UPI cited a report from Radio Free Asia, which quoted a source in North Korea's Jagang province as saying, "Kim Jong Un instructed every brigade of a Korean People's Army unit to build a pig farm, in order solve a meat shortage for People's Army soldiers."
In the summertime, Kim had ordered the Korean People's Army Unit 810, a key division of North Korea's military highly regarded by the leader, to find a solution to a shortage of food in the Army, the source said. Kim recently visited with another Unit, 350, and told the soldiers to build a pig farm. One person was reportedly chosen to take part in the construction from each brigade of the unit.
North Korea has long struggled with food shortages, but 2015 has been especially difficult. United Nations officials who visited the country's main growing region in June found that harvests were at risk of being cut by 50 percent. “We don’t have enough information to say if people are starving or not,” said Liliana Balbi, a senior UN Food and Agriculture Organization official to the Guardian. “But the situation is serious. They are on the borderline.”
After State media acknowledged a crippling drought in North Korea in June, an August flood worsened the issue but washed away much of the harvest.
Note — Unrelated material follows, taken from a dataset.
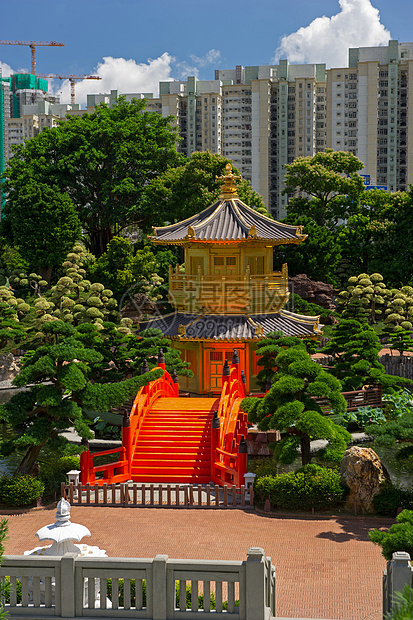 香港南里安花园的大桥和圣殿旅行公园金子寺庙宝塔文化摩天大楼建筑历史池塘图片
Voice of America, the United States government's external media arm, reported earlier this month that North Korea "cut its food rations to an average of 250 grams a day, a 21 percent decline from a three-year average." Next year could bring continued issues, as the isolated country is expected to produce about 4.2 million tons of food, when it needs about 5.4 million tons.
Kim's order to build the pig farm has not yet been made public and how close it is to completion was not immediately clear.